Title of the dataset:
Origin and evolution of the cannabinoid oxidocyclase gene family

Creators:
Robin van Velzen
Michael Eric Schranz

Related publication:
Origin and evolution of the cannabinoid oxidocyclase gene family

Description:
Sequence alignments and associated phylogenetic gene trees of Berberine bridge enzyme gene family protein sequences and cannabinoid oxidocyclase gene familie DNA sequences.

Keywords:
Cannabis sativa L.
Gene family analysis
Phylogenetic analysis
DNA sequence alignment
Protein sequence alignment
Berberine-bridge enzyme
Evolution

This dataset contains the following files:
Fig.2_alignment.fasta
Fig.2_tree.newick
Fig.3_alignment.fasta
Fig.3_tree.newick
Fig.S1_alignment.fasta
Fig.S1_tree.newick
Fig.S2_alignment.fasta
Fig.S2_tree.newick

Explanation of variables: 
File names refer to the corresponding figures in the manuscript, the data type (alignment or tree), and the data format (.fasta or .newick).
Data associated with Fig.2 are based on selected Eurosid Berberine bridge enzyme gene family protein sequences. 
Data associated with Fig. 3. are based on cannabinoid oxidocyclase gene family nucleotide sequences from whole-genome assemblies of Cannabis sativa cultivars ‘CBDRx’, ‘Finola’, ‘Jamaican Lion’, and a wild plant from Jilong, Tibet.
Data associated with Fig. S1. are based on cannabinoid oxidocyclase gene family nucleotide sequences from nucleotide sequences from genbank accessions
Data associated with Fig. S2. are based on cannabinoid oxidocyclase gene family nucleotide sequences from whole-genome assemblies of Cannabis sativa cultivars ‘Cannatonic’, ‘Chemdog91’, ‘Jamaican Lion’ (father), ‘LA confidential’, and ‘Pineapple Banana Bubble Kush’ (PBBK). 
Sequence names include genbank accession numbers.

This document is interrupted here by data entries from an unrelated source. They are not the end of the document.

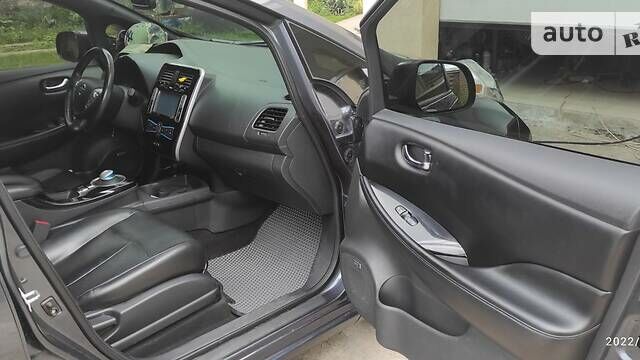 Сірий Ніссан Ліф, об'ємом двигуна 0 л та пробігом 200 тис. км за 13000 $, фото 17 на Automoto.ua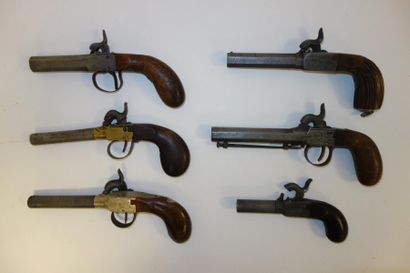 FRANCE

Six pistolets de gousset à percussion,...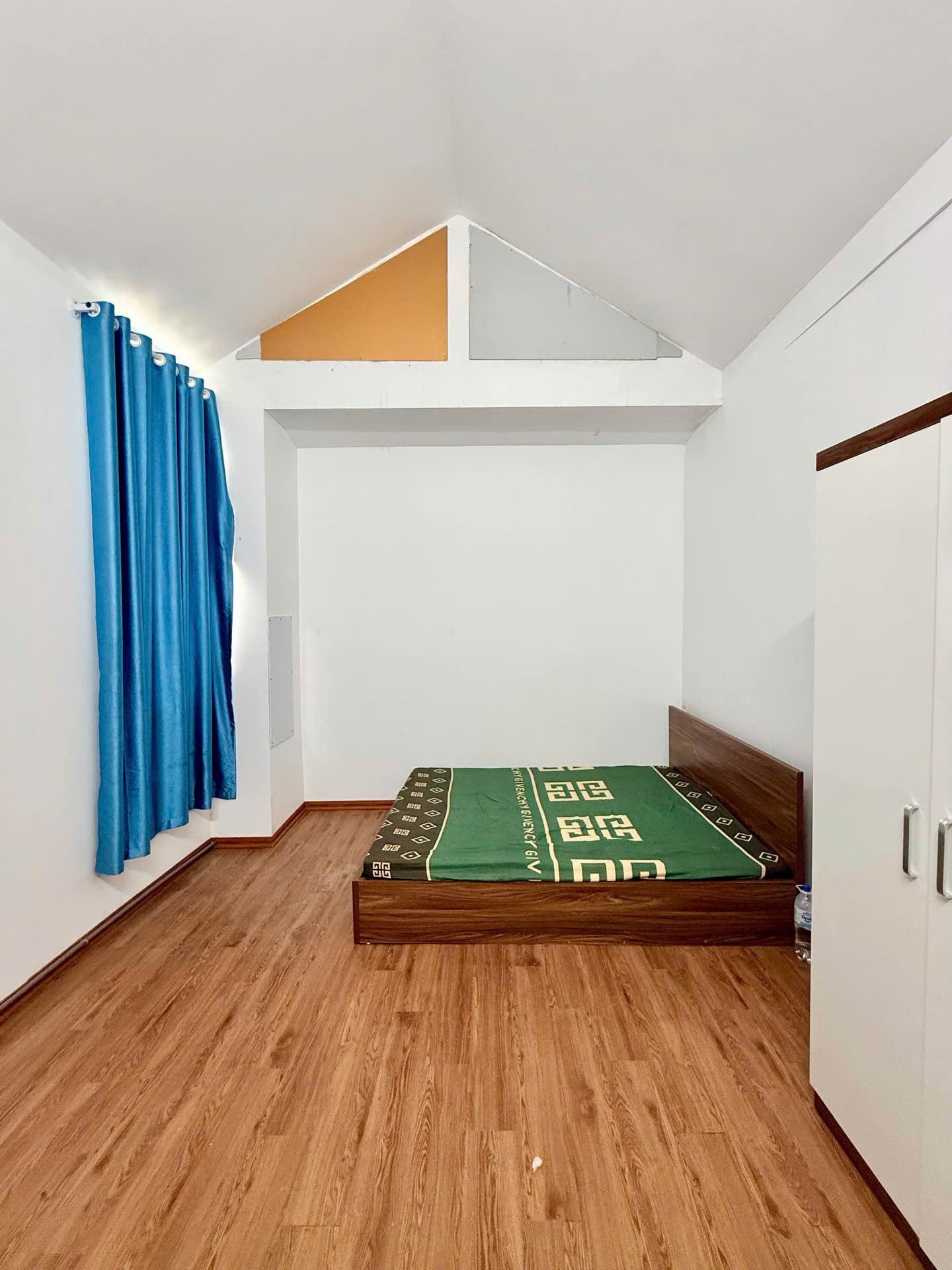Bán nhà Kim Giang - diện tích 52m2 5 tầng - Ngõ thông, gần ô tô - giá 14,9 tỷ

Methods, materials and software:
Multiple sequence alignments were generated with MAFFT v7.450 with automatic selection of appropriate algorithm, a gap open penalty of 1.26 and an offset value 0.123. For protein and nucleotide sequence datasets we used the BLOSUM62 and 100PAM scoring matrix, respectively. 
Optimal models of sequence evolution as determined using Modeltest-NG v.0.1.5 on XSEDE via the CIPRES gateway were WAG+I+G4 for the protein data set and GTR+I+G4 for all nucleotide data sets. Gene trees were reconstructed in a Bayesian framework using MrBayes v 3.2.6 implemented in Geneious Prime with a chain length of 2.2 million generations; sampling every 1000th generation; 4 heated chains with a temperature of 0.2. The first 200,000 generations were discarded as burnin.

This dataset is published under the CC BY-SA (Attribution ShareAlike) license.
This license allows reusers to distribute, remix, adapt, and build upon the material in any medium or format, so long as attribution is given to the creator.
If you remix, adapt, or build upon the material, you must license the modified material under identical terms.